The mayor made the remarks after touring a job fair at Malcolm X College for young people who are both out of school and without jobs.

On Thursday, Emanuel will return to Malcolm X to deliver a policy address on violence that is his most anticipated speech since his public apology for the police shooting of Laquan McDonald.

It will focus on, what he has called the four P’s: policing, punishment, prevention and parenting.

The parenting piece is potentially perilous territory, particularly if Emanuel insists on confronting the issue of absentee fathers in African-American families in the harsh terms he has used during private previews with stakeholders.

Emanuel has talked about encountering only one black father in all of the homes, hospital rooms, churches and funerals he has visited after innocent children were gunned down or wounded on the streets of Chicago.

On Wednesday, the mayor made it clear that he will not shy away from that uncomfortable conversation that he started during his second inaugural address.
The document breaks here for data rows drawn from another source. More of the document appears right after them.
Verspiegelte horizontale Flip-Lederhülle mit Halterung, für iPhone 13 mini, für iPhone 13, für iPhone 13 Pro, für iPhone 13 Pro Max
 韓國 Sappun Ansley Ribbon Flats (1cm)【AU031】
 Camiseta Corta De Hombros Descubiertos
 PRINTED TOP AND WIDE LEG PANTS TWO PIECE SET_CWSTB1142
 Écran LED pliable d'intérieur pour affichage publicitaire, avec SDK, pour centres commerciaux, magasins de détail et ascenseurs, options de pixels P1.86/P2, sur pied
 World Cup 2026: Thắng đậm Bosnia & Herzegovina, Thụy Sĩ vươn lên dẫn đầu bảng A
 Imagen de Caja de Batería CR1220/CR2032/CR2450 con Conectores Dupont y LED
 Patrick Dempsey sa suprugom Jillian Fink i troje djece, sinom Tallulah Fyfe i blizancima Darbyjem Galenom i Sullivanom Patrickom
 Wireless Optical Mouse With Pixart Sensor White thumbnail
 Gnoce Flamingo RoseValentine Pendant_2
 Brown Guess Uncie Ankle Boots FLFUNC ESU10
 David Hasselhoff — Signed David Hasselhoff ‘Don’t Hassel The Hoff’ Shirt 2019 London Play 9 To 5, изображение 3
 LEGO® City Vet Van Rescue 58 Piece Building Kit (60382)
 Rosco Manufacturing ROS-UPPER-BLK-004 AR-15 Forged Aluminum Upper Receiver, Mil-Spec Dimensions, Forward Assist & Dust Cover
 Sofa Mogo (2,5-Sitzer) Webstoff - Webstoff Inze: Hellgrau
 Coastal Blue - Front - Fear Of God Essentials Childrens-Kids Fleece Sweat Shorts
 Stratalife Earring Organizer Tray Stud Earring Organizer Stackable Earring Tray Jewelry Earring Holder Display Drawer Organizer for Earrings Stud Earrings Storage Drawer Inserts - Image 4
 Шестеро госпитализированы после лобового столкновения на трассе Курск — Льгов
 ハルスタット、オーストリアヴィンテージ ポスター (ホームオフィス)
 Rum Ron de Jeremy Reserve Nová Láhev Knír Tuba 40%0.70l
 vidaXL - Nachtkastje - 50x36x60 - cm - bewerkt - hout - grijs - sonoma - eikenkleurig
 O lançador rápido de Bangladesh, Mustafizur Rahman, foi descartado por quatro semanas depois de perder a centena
“Character counts. I believe in giving our kids a foundation. … Becoming a Man, My Brother’s Keeper [and] A Hundred Black Men can provide youth with that foundation so they can make good decisions,” the mayor said.

“The Vice Lords are ready to be a mentor. Is Chicago ready to a mentor? The Gangster Disciples is ready to be a role model. Is Chicago ready to be a role model? The Six Corner Hustlers are ready to be a family. Is the city of Chicago ready to be a family?”

He added, “If you give the kids of Chicago a positive alternative with a caring adult, they’ll go the positive route. If we offer them … mentors, summer jobs and after school [programs], we will give our kids the guidance they need so the decisions they make at a very early age in life will be the right decisions for the rest of their life. I have no problem speaking up about something that I think is important. The good news is, I know there are a lot of mothers and fathers, grandmothers and aunts and uncles who believe in the role of mentoring.”